[Captioned web image data]

- - - - -

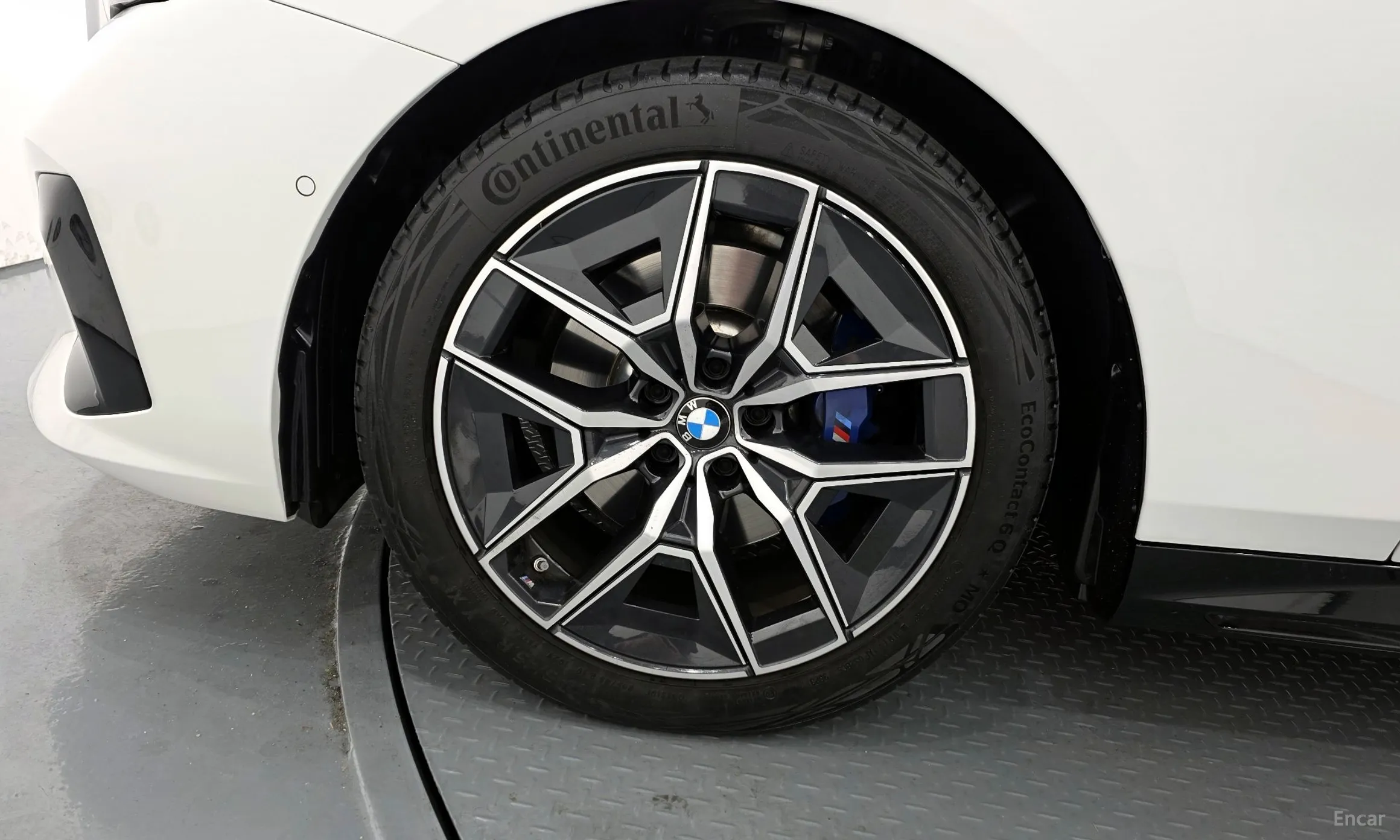 BMW 5 Series (G60) превью 5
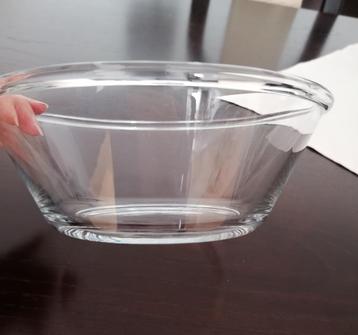 Mooie heldere en dikke transparante glazen saladeschaal  beschikbaar voor biedingen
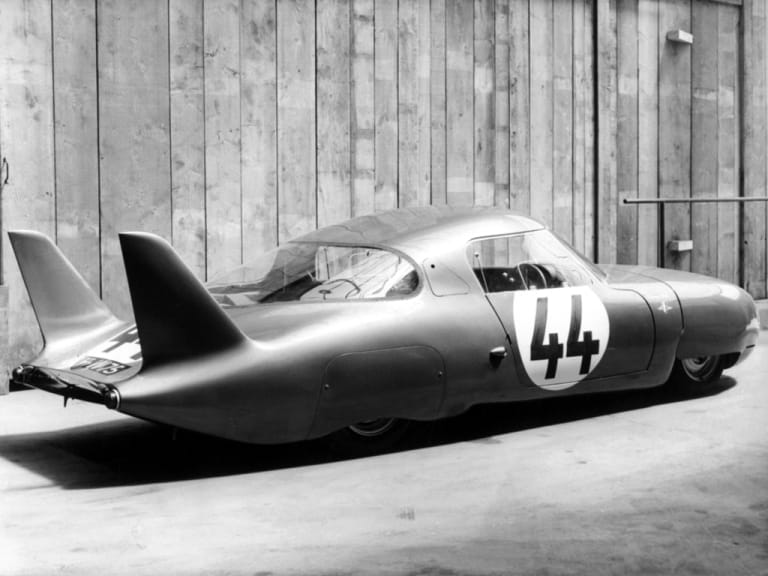 La Panhard CD Le Mans vue de trois quarts arrière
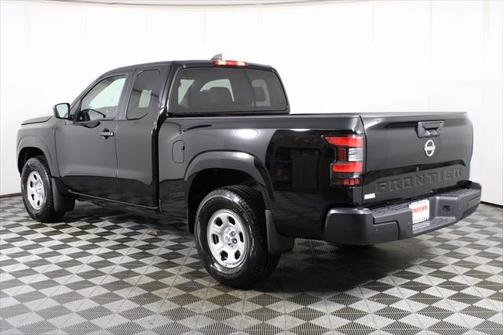 2025 Nissan Frontier S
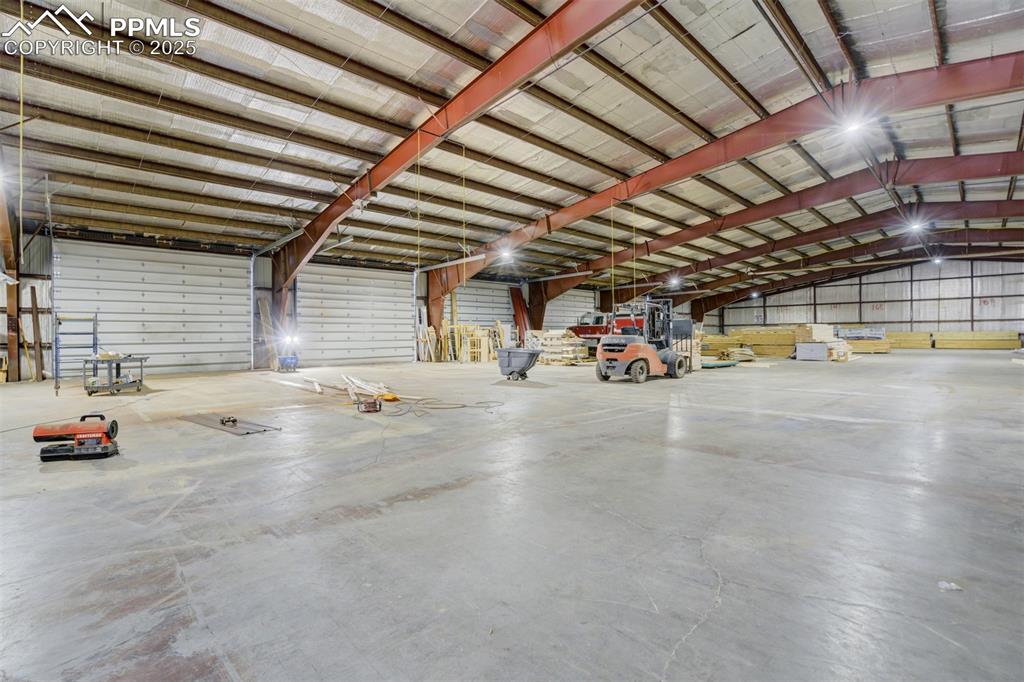 Image 25 of 44: No Description Available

- - - - -

- _About this task_: Without the pictures, retype exactly the lines from the one that holds "La Panhard CD" to the last line of the data above, both of them included.

- _Task output_:
 La Panhard CD Le Mans vue de trois quarts arrière
 2025 Nissan Frontier S
 Image 25 of 44: No Description Available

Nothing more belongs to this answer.